By Trent Jonas
If you’re in search of a winter adventure, Backbone State Park will provide you with over 2,000 acres of fun. Backbone is the oldest park in Iowa and is named for a striking escarpment (the highest point in Northeast Iowa) formed by the Maquoketa River. Travelers will find everything from camping and fishing to skiing and snowmobiling within the park. Start planning your trip now.
Backbone State Park has two campgrounds that are open year-round to both RVs/Trailers and tent campers. The modern South Lake Campground, however, offers two frost-free pumps that make water available to campers throughout the year. Not feeling like camping? Rent one of the park’s year-round camper cabins.
If you love to snowmobile, you’ll be happy to learn that Backbone State Park is home to over 21 miles of multi-use trails through cedar and hardwood forests. From the South Lake Campground, jump onto the West Lake Trail on your snowmobile, and you can blaze along the southern portion of Backbone Lake until you connect with the East Lake/Bluebird Trails. Pay attention to trail markings, as snowmobiling is not allowed in the adjacent state forest.
Trout anglers will be pleased to learn that Backbone State Park boasts its own trout stream. Richmond Springs flows into a rushing, cold-water stream that is perfect for year-round trout angling. In November and December, and again in late winter, the trout are feeding aggressively—which is good news for those who are chasing them.
In addition to fantastic snowmobiling opportunities, Backbone State Park is home to almost seven and a half miles of cross-country skiing on the Forest Trail. The trail winds out of the northeast corner of the park and into the adjacent Backbone State Forest, through the hardwoods and pines that are native to the area.
Just northeast of and adjacent to the park, Backbone State Forest is open to public hunting. This makes the park an awesome basecamp for any outdoor adventure that includes hunting—during the appropriate season, of course. Make sure you have all the proper Iowa licenses and endorsements and be careful not to cross into the park: Hunting is not permitted inside state parks. Check out more Iowa hunting information here.

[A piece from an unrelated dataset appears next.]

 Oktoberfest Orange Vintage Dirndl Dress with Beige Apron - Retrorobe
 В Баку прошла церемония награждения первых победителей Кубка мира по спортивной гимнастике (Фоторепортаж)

No visit to Backbone State Park would be complete without visiting its namesake feature: The Devil’s Backbone. This feature is a limestone escarpment that was carved out by a tight curve in the Maquoketa River, leaving the park with one of the highest points in northeast Iowa. The trail can be difficult and rocky in the summer, so use extra caution in the winter. Assess the trail conditions before setting out and turn back if the going is too tough or slippery—an ascending 80-foot trek isn’t one to be taken lightly.
A little southeast of Backbone State Park, near the town of Cascade, you’ll find the Whitewater Canyon Wildlife Area. One of only three true canyons in the state, the near 500-acre reserve is a gorgeous (pun intended) place for a winter snowshoe. Of the area’s many trails, Lost Canyon offers the most striking scenery in a sometimes-challenging loop.
Sundown Mountain Ski Resort is located less than an hour east of Backbone State Park, outside of Dubuque. With its 475 feet of vertical, 21 trails, four lifts, two terrain parks, and two lodges, Sundown is Eastern Iowa’s largest ski area. While you’re in the area, refuel at the famous Copper Kettle under 10 miles away in Dubuque.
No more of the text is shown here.